FRANKFURT (Reuters) - Deutsche Bank has suspended five traders suspected of inappropriate conduct following an internal investigation into possible manipulation of the Europe Interbank Offered Rate (Euribor), a source familiar with the matter said on Wednesday.
Germany's flagship lender launched an internal investigation after regulators drew attention to potential involvement of Deutsche Bank staff in a global scam to manipulate benchmark inter-bank lending rates.
The traders, who worked on Deutsche Bank's money market team in Frankfurt, were suspended on Tuesday, the source said.

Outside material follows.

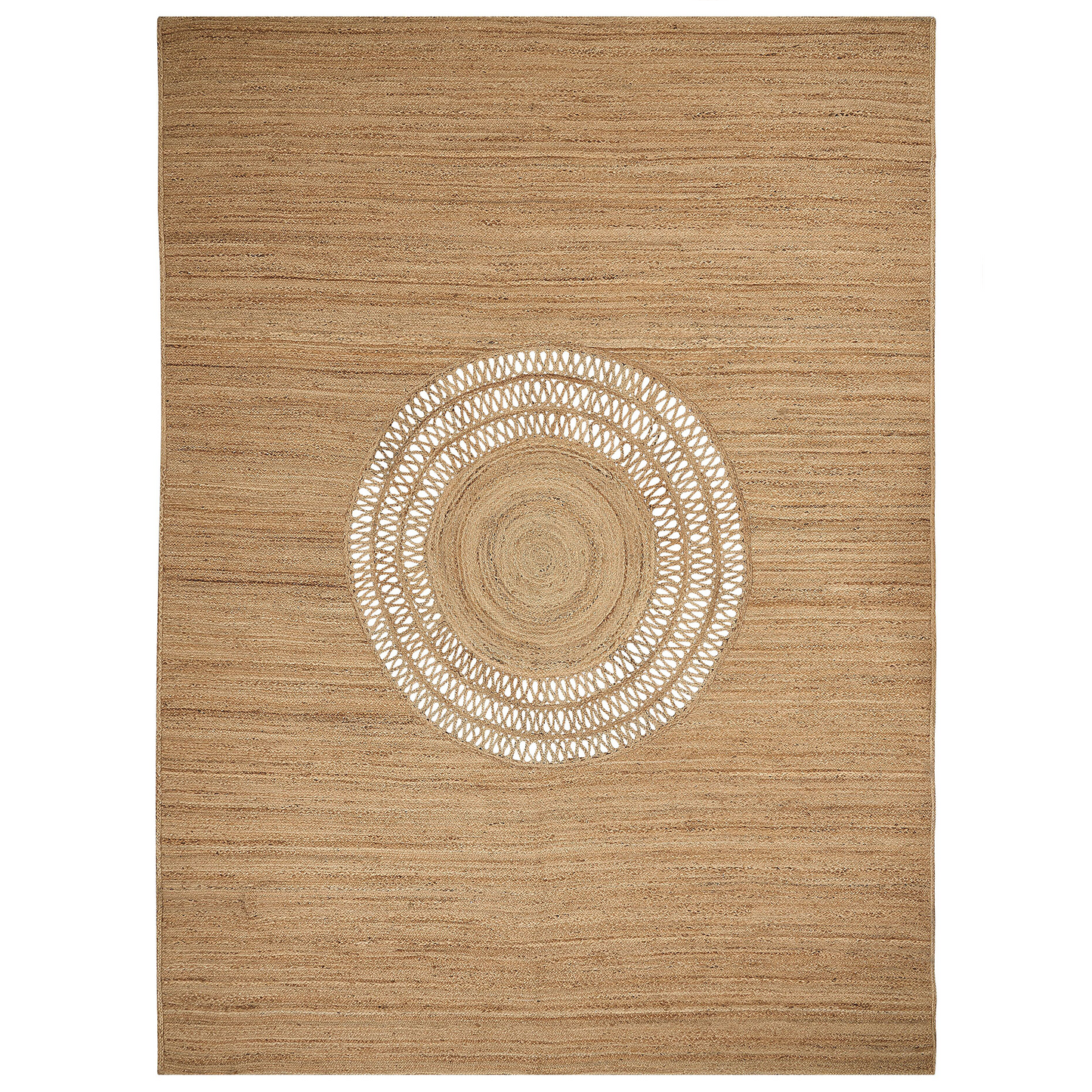 Teppich Jute beige 300 x 400 cm geometrisches Muster Kurzflor BOGAZOREN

Deutsche Bank, which suspended two traders last year for involvement in the manipulation of Libor (London interbank offered rate), would not say how many traders were suspended. It added that no current or former board members have been implicated.
Deutsche Bank is cooperating in the various investigations into potential manipulation of interbank offered rates and last week said it did not expect to announce a resolution of regulatory probes in to Libor this year.
On Wednesday British bank Royal Bank of Scotland was fined some $612 million to settle charges of rigging the London Interbank Offered Rate (Libor). Rival Barclays was fined $453 million in June while UBS paid about $1.5 billion in December.
Libor is just one of a raft of legal problems haunting Deutsche. It faces lawsuits accusing the bank of misleading investors about the quality of risky residential mortgage-backed securities, and it saw senior executives drawn into a widening tax evasion probe linked to carbon trading following a raid on its headquarters.
Deutsche on Wednesday referred to a statement made in January when it commented about progress on its internal probe, triggered by concerns that benchmark interest rates were being manipulated.
"Upon discovering that certain employees acted inappropriately, we have suspended or dismissed employees, clawed back unvested compensation, and will continue to do so as we complete our investigation," the bank said at the time.
The investigation is being led by Deutsche Bank's legal department, with the support of external counsel, and reports to the management and supervisory boards.
In July, the bank had said it had found that a limited number of employees, acting on their own initiative, had engaged in conduct that fell short of the Bank's standards.
Euribor and its larger counterpart Libor are Europe's key gauges of how much banks pay to borrow from their peers and are used to set the prices of swathes of financial products, from some mortgages to more complex derivatives.
They also are a key indicator of financial market tension. When the financial crisis hit in 2008 interbank rates soared as trust between banks crumbled.
More than 40 banks contribute toward setting the Euribor interbank lending rate.
When it released fourth-quarter earnings on January 31, Deutsche Bank said it had increased its litigation reserves to 1.8 billion euros ($2.4 billion) from 800 million euros, some of which is related to the Libor probe.
In addition, 2 billion euros of contingent liabilities remain, the bank said, referring to possible losses over and above existing legal provisions.